De volgende zaken worden in elk geval als plagiaat aangemerkt:

• het knippen en plakken van tekst van digitale bronnen zoals encyclopedieën of digitale tijdschriften zonder aanhalingstekens en verwijzing;

• het knippen en plakken van teksten van het internet zonder aanhalingstekens en verwijzing;

• het overnemen van gedrukt materiaal zoals boeken, tijdschriften of encyclopedieën zonder aanhalingstekens en verwijzing;

• het opnemen van een vertaling van bovengenoemde teksten zonder aanhalingstekens en verwijzing;

• het parafraseren van bovengenoemde teksten zonder (deugdelijke) verwijzing: parafrasen moeten als zodanig gemarkeerd zijn (door de tekst uitdrukkelijk te verbinden met de oorspronkelijke auteur in tekst of noot), zodat niet de indruk wordt gewekt dat het gaat om eigen gedachtengoed van de student;

• het overnemen van beeld-, geluids- of testmateriaal van anderen zonder verwijzing en zodoende laten doorgaan voor eigen werk;

• het zonder bronvermelding opnieuw inleveren van eerder door de student gemaakt eigen werk en dit laten doorgaan voor in het kader van de cursus vervaardigd oorspronkelijk werk, tenzij dit in de cursus of door de docent uitdrukkelijk is toegestaan;

29

• het overnemen van werk van andere studenten en dit laten doorgaan voor eigen werk. Indien dit gebeurt met toestemming van de andere student is de laatste medeplichtig aan plagiaat;

• ook wanneer in een gezamenlijk werkstuk door een van de auteurs plagiaat wordt gepleegd, zijn de andere auteurs medeplichtig aan plagiaat, indien zij hadden kunnen of moeten weten dat de ander plagiaat pleegde;

• het indienen van werkstukken die verworven zijn van een commerciële instelling (zoals een internetsite met uittreksels of papers) of die al dan niet tegen betaling door iemand anders zijn geschreven.

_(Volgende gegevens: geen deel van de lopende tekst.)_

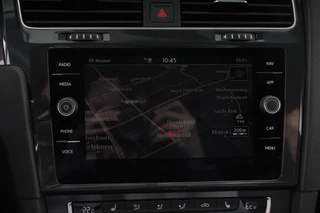 Volkswagen e-Golf Volkswagen e-Golf | Navigatie | Climate control | Virtuel Cockpit | Camera | Keyless | Bluetooth | Cruise Control | Lichtmetalen Velgen | - afbeelding nr 11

De plagiaatregels gelden ook voor concepten van papers of (hoofdstukken van) scripties die voor feedback aan een docent worden toegezonden, voor zover de mogelijkheid voor het insturen van concepten en het krijgen van feedback in de cursushandleiding of scriptieregeling is vermeld.

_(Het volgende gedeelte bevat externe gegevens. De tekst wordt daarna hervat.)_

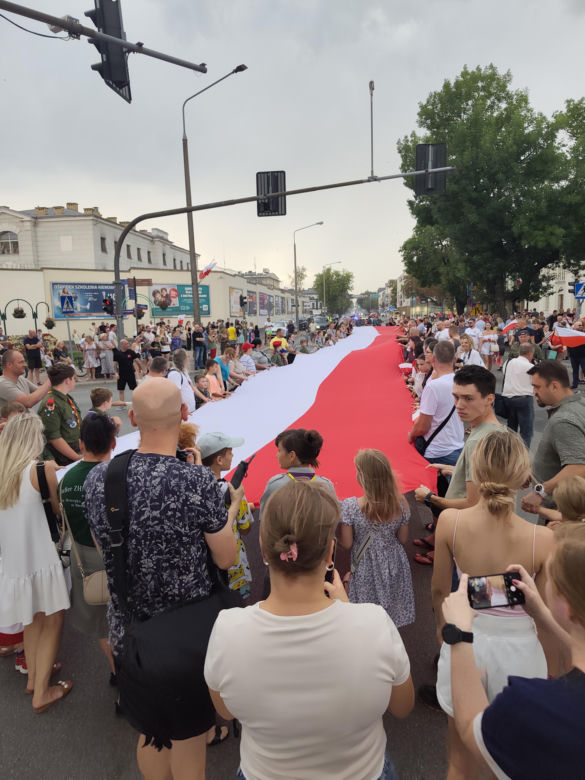„Cześć i chwała bohaterom!”. Siedlczanie spotkali się w centrum miasta, by uczcić 82. rocznicę wybuchu Powstania Warszawskiego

In de Onderwijs- en Examenregeling (artikel 5.15) is vastgelegd wat de formele gang van zaken is als er een vermoeden van fraude/plagiaat is, en welke sancties er opgelegd kunnen worden.

Onwetendheid is geen excuus. Je bent verantwoordelijk voor je eigen gedrag. De Universiteit Utrecht gaat ervan uit dat je weet wat fraude en plagiaat zijn. Van haar kant zorgt de Universiteit Utrecht ervoor dat je zo vroeg mogelijk in je opleiding de principes van wetenschapsbeoefening bijgebracht krijgt en op de hoogte wordt gebracht van wat de instelling als fraude en plagiaat beschouwt, zodat je weet aan welke normen je je moeten houden.

Hierbij verklaar ik bovenstaande tekst gelezen en begrepen te hebben.

Naam: Isa Verwaal

Studentnummer: 5910803

Datum en handtekening:

Dit formulier lever je bij je begeleider in als je start met je bacheloreindwerkstuk of je master scriptie.

Het niet indienen of ondertekenen van het formulier betekent overigens niet dat er geen sancties kunnen worden genomen als blijkt dat er sprake is van plagiaat in het werkstuk.